Inferring Long-Term Tectonic Uplift Patterns from Bayesian Inversion of Fluvially-Incised Landscapes

Earth surface processes encode the combined forcing of tectonics and climate in topography. Separating their contributions is essential for using landscapes as quantitative records of crustal deformation. Here, we develop a method to invert non-dimensionalized, spatially variable fields of long-term rock uplift and rock erodibility from fluvially incised landscapes, using an extended χ-coordinate system that accounts for variability in uplift, erodibility, and precipitation (χ_UKQ) . We invert 170 synthetically-generated landscapes and demonstrate that our method accurately recovers the spatial variability of rock uplift and rock erodibility, even when applied to settings that deviate from the ideal model of equilibrated, detachment-limited channels, which underpins the χ_UKQ framework.
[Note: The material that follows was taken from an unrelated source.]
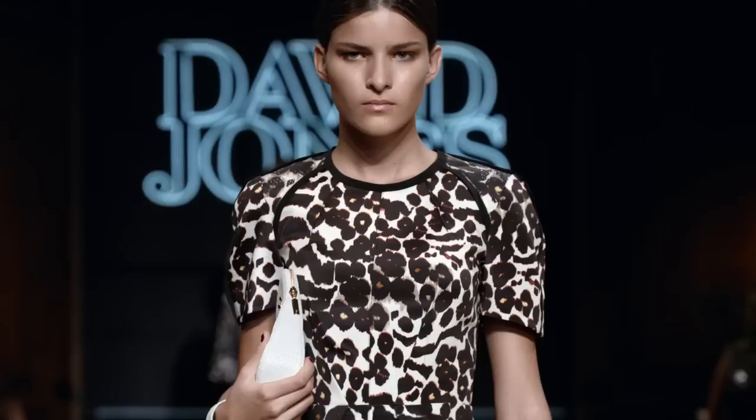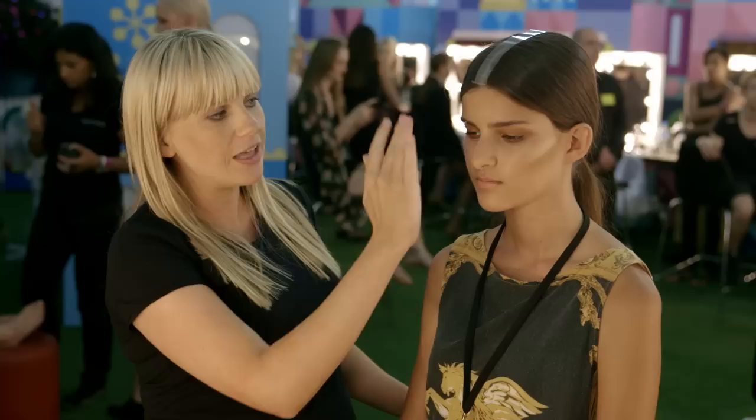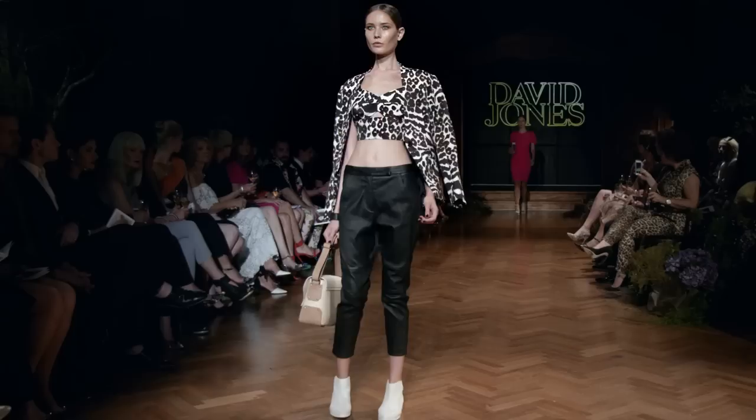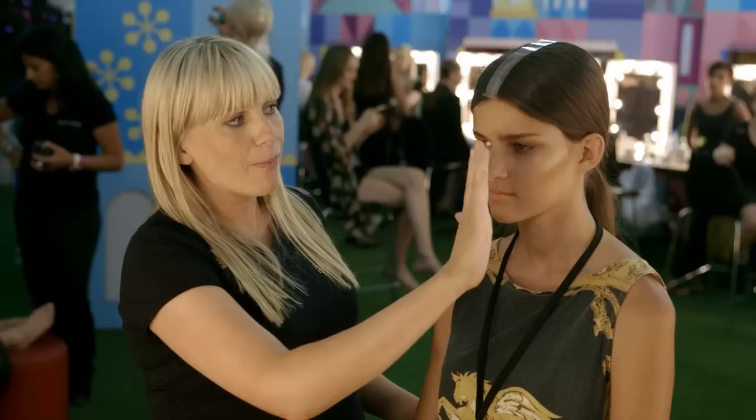We've done two looks for the autumn winter collection. This is look number one. With the skin, we've kept it very very natural and glowing with more of a contour on the cheek rather than a pop of color — coming underneath to contour the skin but keeping it nice and radiant and glowing. A nice nude lip with a focus on the eye, using creamy metallic and bronzy finish textures. A bold eye with a lot of mascara, and the brows are nice and natural and just groomed up.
We subsequently apply our inversion to six natural landscapes shaped by normal faults (half-grabens), and to a 200-km wide region of the central Himalayas. We show that our inversion can resolve the effect of climate and lithology while extracting uplift fields that are consistent with patterns expected from upper crustal flexure and previous estimates derived from geomorphological markers. The success of our method in recovering rock uplift patterns, isolated from the effects of climate and erodibility, highlights its applicability to settings where long-term uplift trends are unknown, paving the path to deciphering tectonic fingerprints recorded in landscapes over tens of thousands of years.